Celal Bayar Üniversitesi Sosyal Bilimler Dergisi, cilt.19, sa.3, ss.1-12, 2021 (Hakemli Dergi) identifier

Özet

This paper aims to read Donne’s certain love poems in conjunction with Eliot’s

“The Love Song of J. Alfred Prufrock”. Eliot believes English poetry composed

in the 17th century resonates with that of the 20th century. Therefore, this

article explores the similarities and differences between the metaphysical

poetry and the modernist poetry. This discussion is predicated upon the notion

of wholeness in Donne and the idea of fragmentation in Eliot.

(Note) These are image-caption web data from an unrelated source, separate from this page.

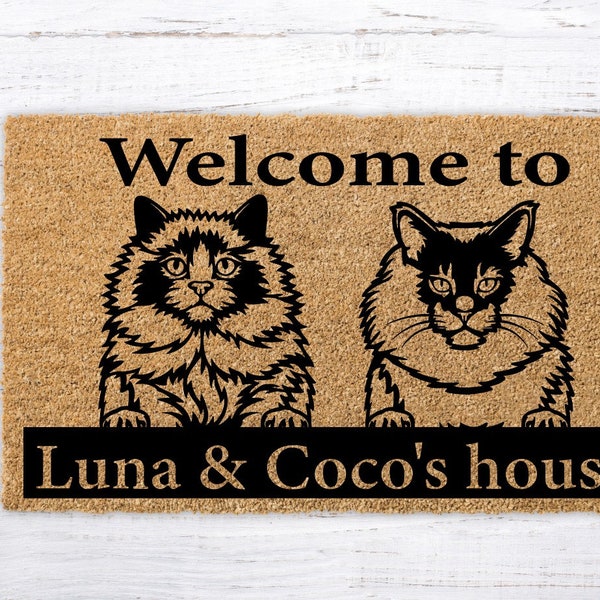 Cat Door Mat Etsy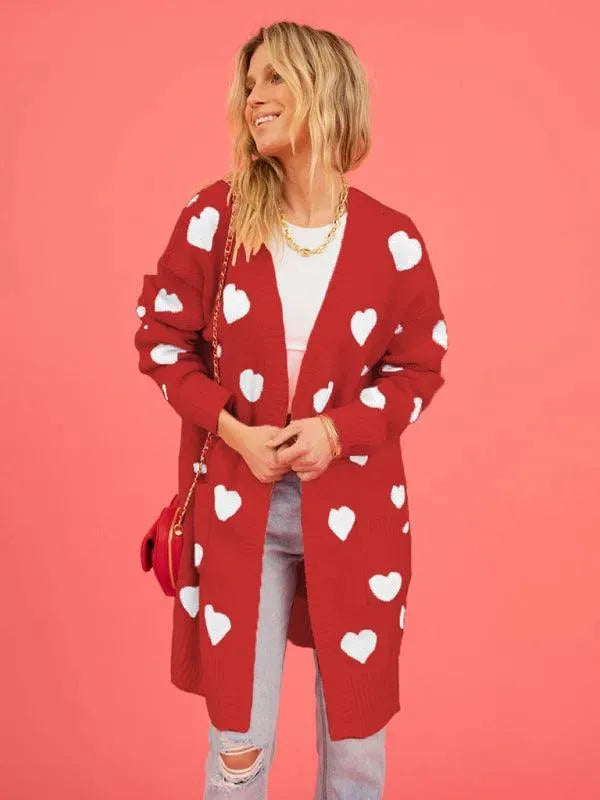 Women’s Longline Graphic Cardigan Sweater – V-Neck Button Knit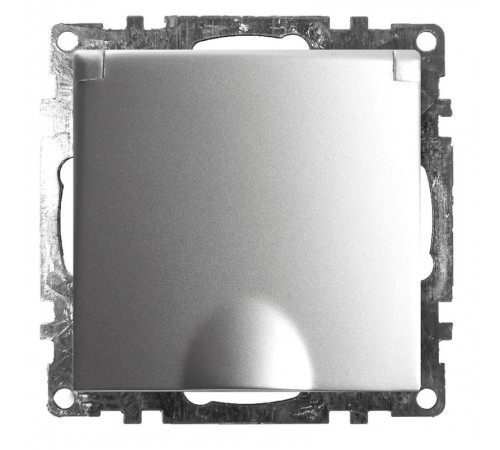 Розетка электрическая 1-местная с/з с крышкой (механизм), серия Катрин, GLS16-7112-03, серебро  39580  STEKKER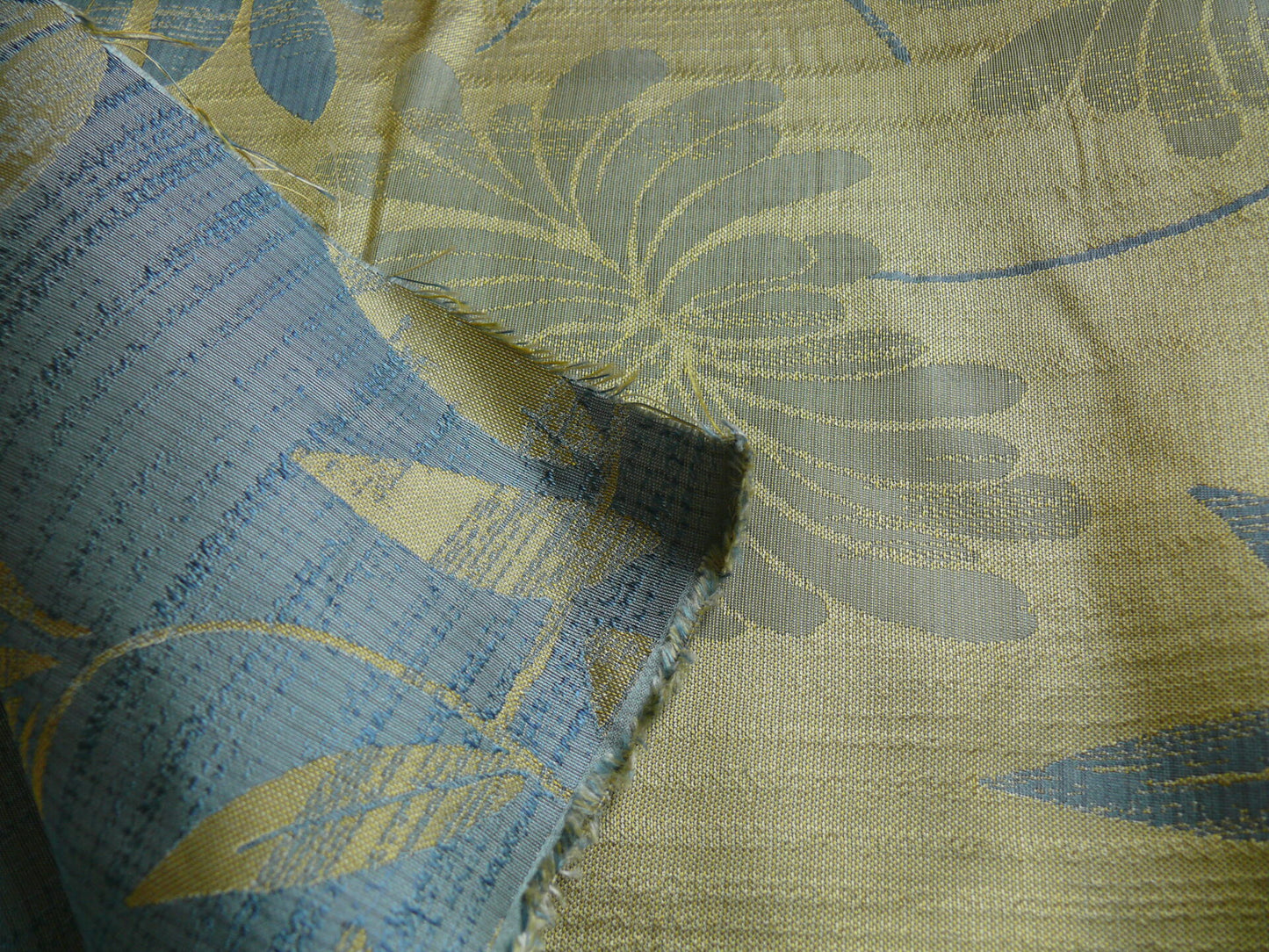 By yard 100% Silk Lampas Bali Breeze "ocean" Blue Flora Tropical Reversible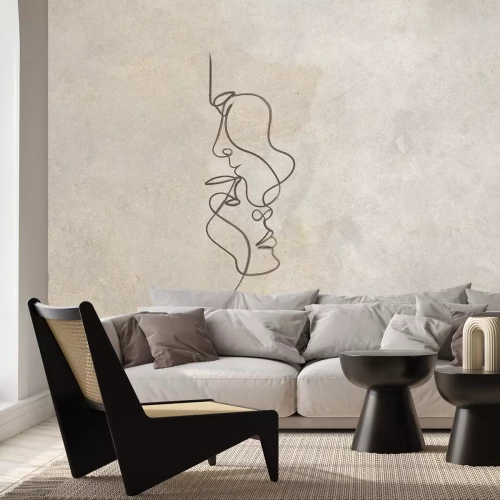 Fotobehang Een subtiele compositie van het gezicht op een beige achtergrond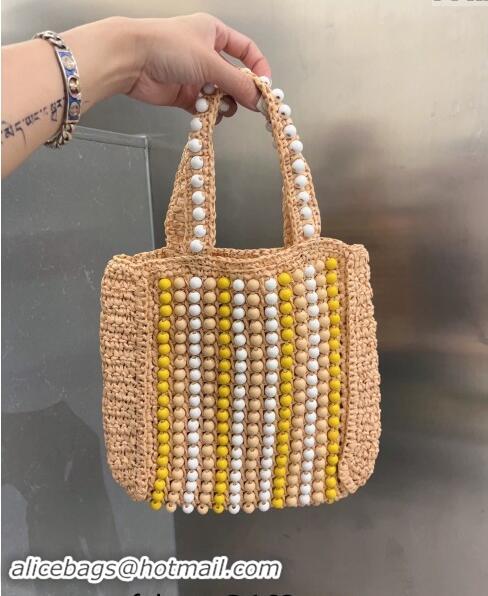 Pretty Style Prada Crochet Straw Top Handle Bag with Beads Sand 0705 Beige 2023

The exploration

of the themes of completion and disintegration initially focuses on the concept

of ecstasy, analyses how the boundary between the self and the other dissolves

and how the conventional dichotomy between the body and the spirit is

challenged. This article also deals with the notion of irony in terms of

fragmentation and compares the use of irony in Eliot’s poem with the

employment of metaphysical conceits based on binary oppositions in Donne’s

poems. This study further concentrates on both poets with regards to the

sensuousness of language. It finally contrasts the unified sensibility of the

seventeenth-century poet with the dissociated sensibility of the twentieth-

century poet. This paper concludes Donne’s “dialogue of one” rests upon

conflict and contact whereas Eliot’s monologue does not lead to contact.